Collaboration du Conseil de la concurrence

L’Autorité est habilitée à saisir le Conseil de la concurrence des abus de positions dominante ou des pratiques entravant le libre exercice de la concurrence dont elle pourrait avoir connaissance dans le secteur des MTP (16). Cette saisine est introduite dans le cadre d’une procédure d’urgence dans les conditions prévues à l’article L464-1 du Code de commerce. Le Président de l’ARMT peut saisir pour avis, le Conseil de le concurrence.

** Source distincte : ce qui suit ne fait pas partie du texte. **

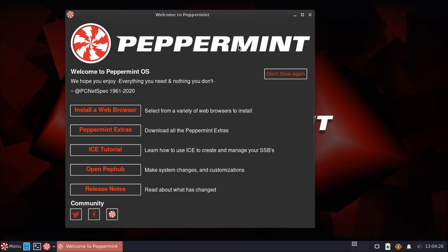Hello everyone, welcome back to Planet Linux. Today we'll be taking a look at the latest release of Peppermint OS, specifically version 11.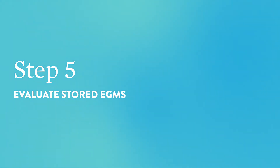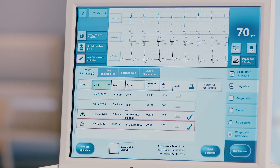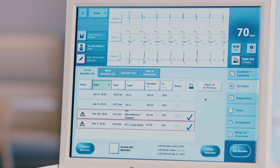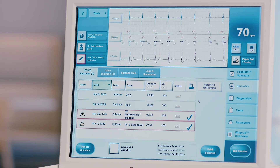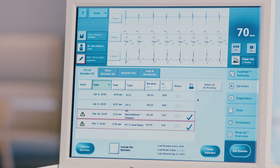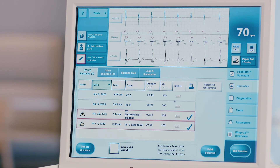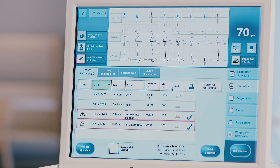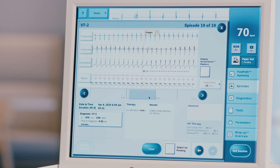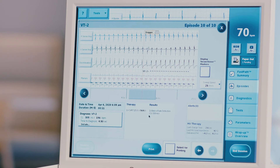Step 5: Evaluate stored EGMs. Press the episodes tab on the right-hand side of the screen to open a list of recorded episodes. The VT-VF episode screen will appear listing all VT, VF, SVT, and NSVT episodes recorded by the device since it was last cleared. Any episode that has an accompanying recorded EGM will be noted by this icon. Choose the episode to be evaluated by clicking on it in the list. The stored EGM will open on the screen and include all relevant episode data: date, time, duration, device diagnosis of the rhythm, time to diagnosis, cycle length, therapy received, results of therapy, charge time, high voltage lead impedance, and delivered pulse width.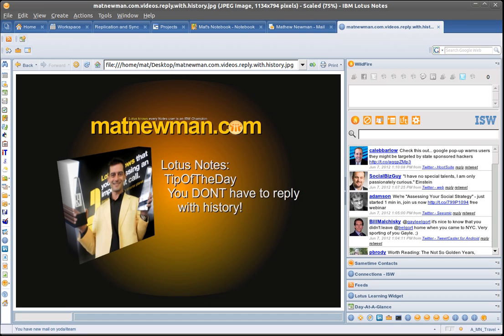G'day folks, Matt from mattnewman.com and today's myth-busting outlook is not better than Lotus Notes session is all about how you handle replies to email messages inside Lotus Notes. The upshot is you do not have to reply with history to every email message you receive inside your Lotus Notes client.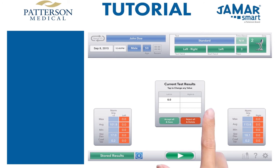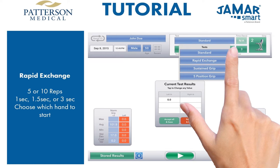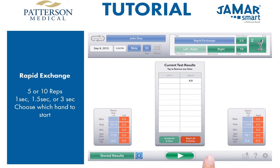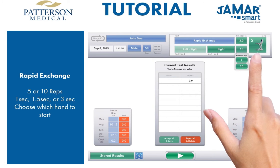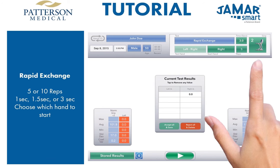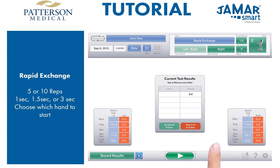Now let's do the rapid exchange test. With the JMR Smart app, the data will be automatically collected and stored — no need to write test results, no more administrative errors. We can quickly change the number of reps and start hand. Then we can choose between 1 second, 1.5 seconds, and 3 seconds for the time between each trial.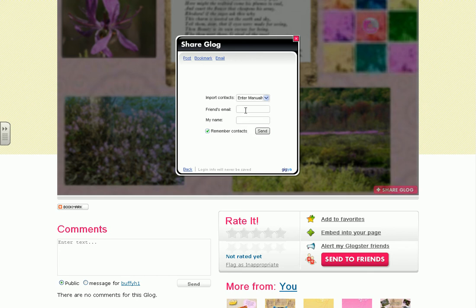The next step is to enter the person's email. For Ms. Tillery's class, the email address is tilleryrules at gmail.com. Type it in.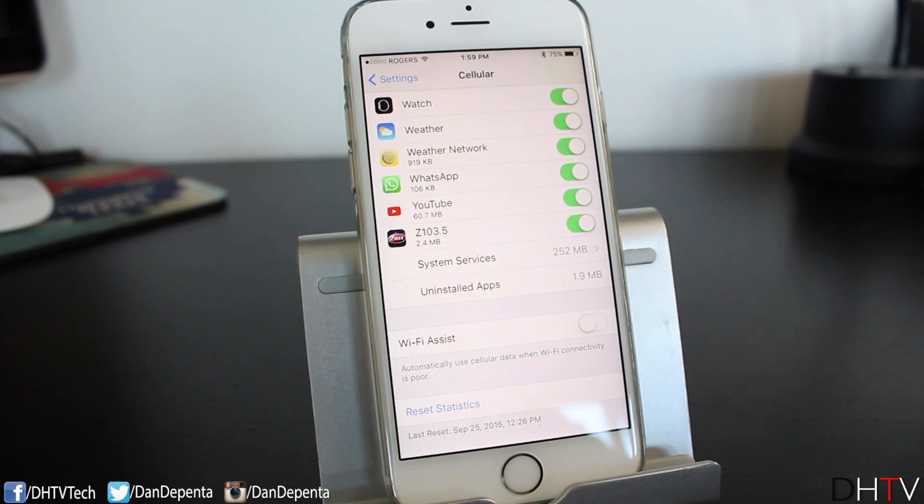If it is, keep that setting off — or at least keep it off when you're watching videos, just to ensure that you don't go over your data. Those are the big culprits. Same thing if you're listening to Spotify or Apple Music or anything like that. Anything that's streaming is going to burn through a lot more data than simply searching or using maps and things like that.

La communication entre ces deux autorités joue dans les deux sens puisque le Conseil de la concurrence, selon l’article L331-7 du CPI, “communique à l’autorité toute saisine entrant dans le champs de compétence de celle ci et recueille son avis sur les pratiques dont il est saisi dans le secteur des mesures techniques”. On peut s’attendre à des saisines croisées. Il est nécessaire pour l’ARMT de collaborer avec le Conseil de la concurrence et ce car les MTP peuvent être un moyen pour les industriels de verrouiller un marché, s’ils nient l’interopérabilité. Le droit à l’interopérabilité semble donc être un droit à pouvoir faire concurrence, rattaché à la liberté de commerce et de l’industrie.

Prééminence de la protection des MTP sur l’interopérabilité

La loi DADVSI[18] favorise la préservation de l’efficacité des MTP dans la mesure où la publication du code source et de la documentation technique du logiciel interopérant est permise sauf si le titulaire des droits “apporte la preuve que celle-ci aurait pour effet de porter gravement atteinte à la sécurité et à l'efficacité de ladite mesure technique.” De plus, le Conseil Constitutionnel a estimé qu’à défaut du consentement des titulaires de droits sur les MTP de communiquer les informations essentielles à l’interopérabilité, cette communication devra entraîner leur indemnisation. Tout est fait pour favoriser au maximum la protection des MTP.

CONCILIATION, MTP, EXCEPTIONS AU DROIT D’AUTEUR ET AUX DROITS VOISINS

En matière d’exceptions au droit d’auteur et aux droits voisins, l’article L331-8 du CPI dispose que l’ARMT doit veiller à ce que la mise en œuvre des mesures techniques de protection n’ait pas pour effet de priver les bénéficiaires des exceptions de copie privée, de recherche, de conservation et de consultation sur place et celle au profit des personnes handicapées.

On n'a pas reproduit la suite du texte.